'''
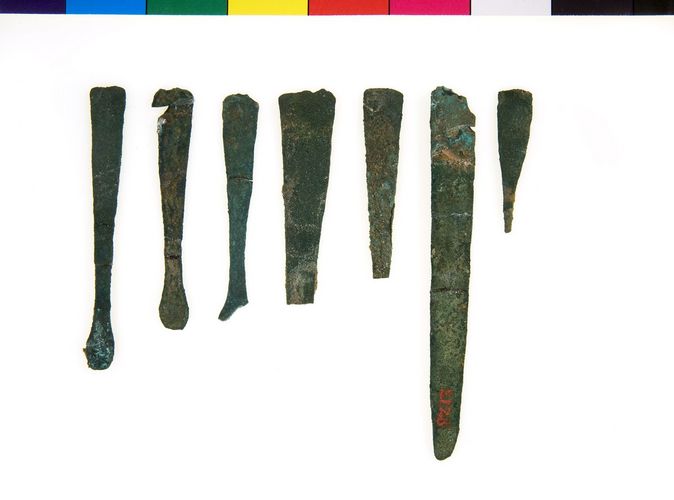 Modellwerkzeuge im Ägyptischen Museum - Georg Steindorff - der Universität Leipzig, Kupfer, um 2400 v. Chr.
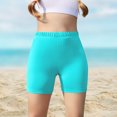 thumbnail image 2 of ShomPort Girls Bike Shorts Stretch Elastic Waist Athletic Casual Yoga Dance Shorts Kids Workout Leggings, 5-14 Years, 2 of 9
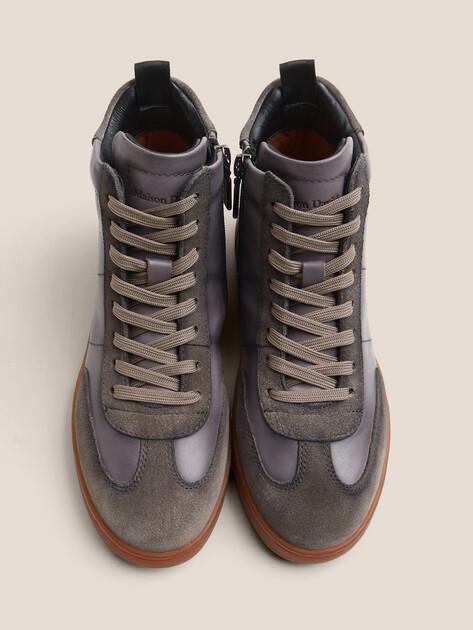 MAISON DAVID High-top sneakers (genuine leather/natural rubber sole)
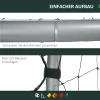 Sportnow weerbestendig voetbaldoel, stabiel metalen frame, scheurbestendig net, 160h x 240l x 85b cm, grijs 5
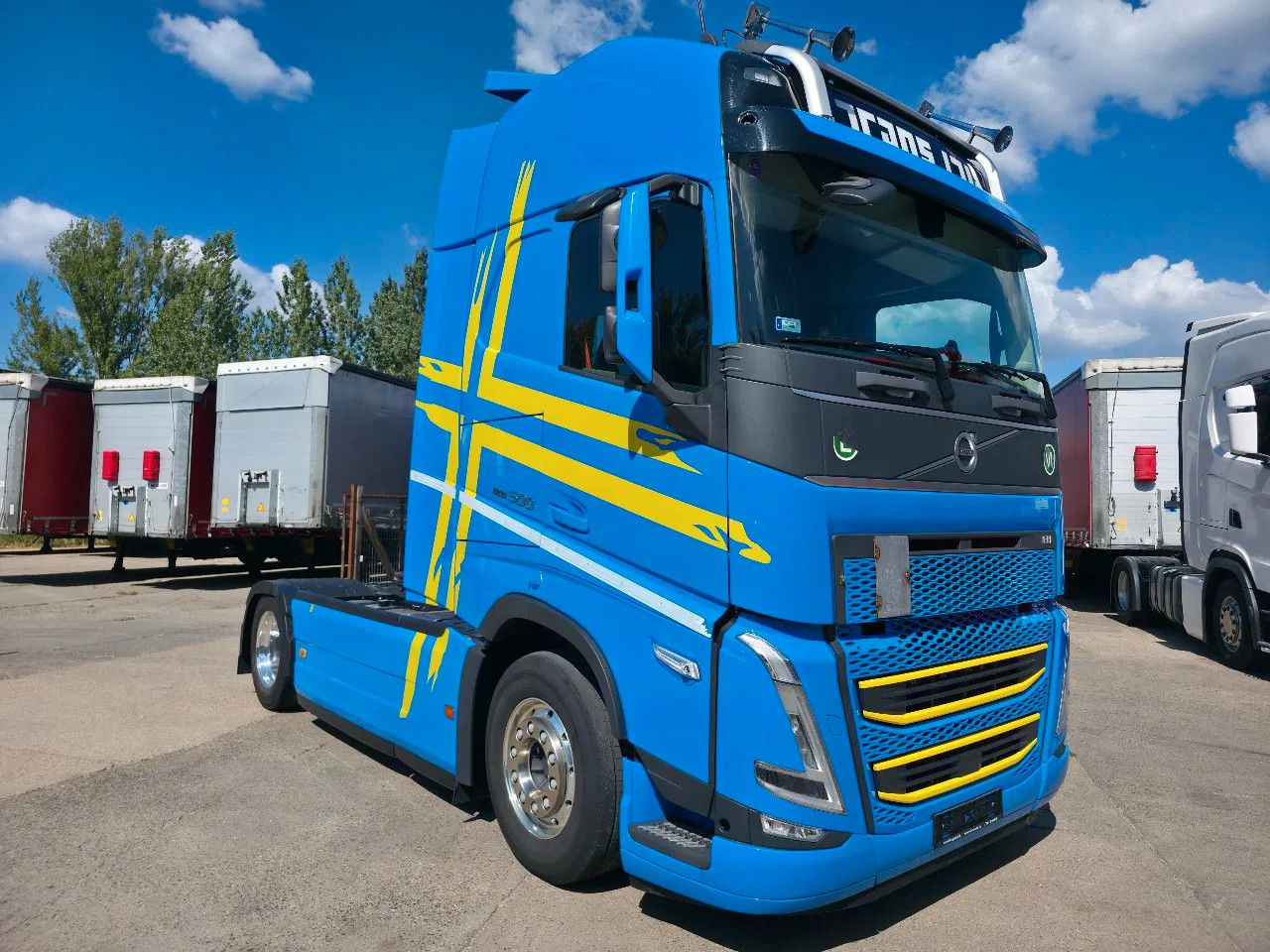 Volvo FH 500 Standard, I-Save, I-Park, Alloy w. 7 unit - Тягач: фото 2 Volvo FH 500 Standard, I-Save, I-Park, Alloy w. 7 unit - Тягач: фото 2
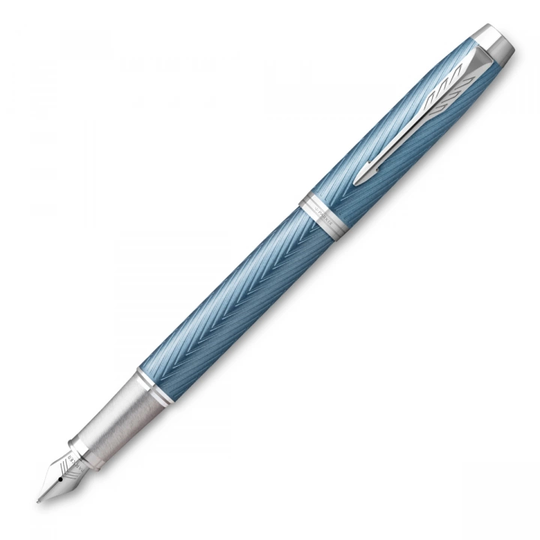 Parker IM Premium Blue/Grey Täytekynä Fine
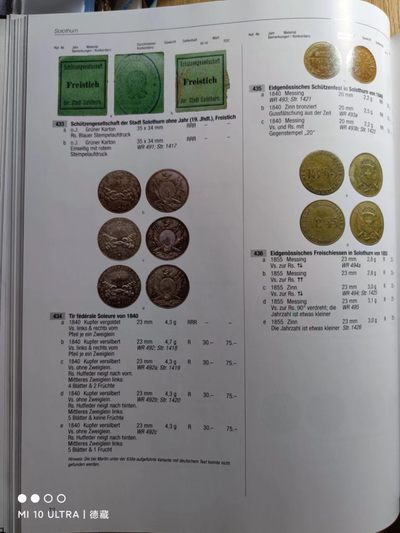 【德藏】世界币章目录书籍专场拍卖 瑞士射击节代用币章目录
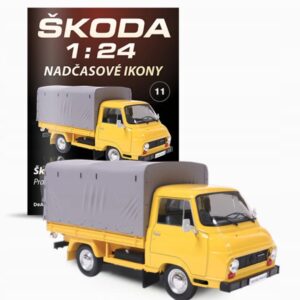 Model kolekcjonerski Skoda 1203 ROL Pick-up + Gablotka gazetka nr 10 DeAgostini 1:24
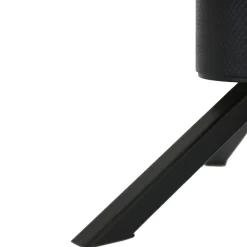 Tischleuchte Glasschirm in Rauchgrau E27 28 cm stilvoll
'''
▶ [Activity]:
Each word of the data should be repeated exactly, and the pictures left out.

▶ [Problem solution]:
 Modellwerkzeuge im Ägyptischen Museum - Georg Steindorff - der Universität Leipzig, Kupfer, um 2400 v. Chr.
 thumbnail image 2 of ShomPort Girls Bike Shorts Stretch Elastic Waist Athletic Casual Yoga Dance Shorts Kids Workout Leggings, 5-14 Years, 2 of 9
 MAISON DAVID High-top sneakers (genuine leather/natural rubber sole)
 Sportnow weerbestendig voetbaldoel, stabiel metalen frame, scheurbestendig net, 160h x 240l x 85b cm, grijs 5
 Volvo FH 500 Standard, I-Save, I-Park, Alloy w. 7 unit - Тягач: фото 2 Volvo FH 500 Standard, I-Save, I-Park, Alloy w. 7 unit - Тягач: фото 2
 Parker IM Premium Blue/Grey Täytekynä Fine
 【德藏】世界币章目录书籍专场拍卖 瑞士射击节代用币章目录
 Model kolekcjonerski Skoda 1203 ROL Pick-up + Gablotka gazetka nr 10 DeAgostini 1:24
 Tischleuchte Glasschirm in Rauchgrau E27 28 cm stilvoll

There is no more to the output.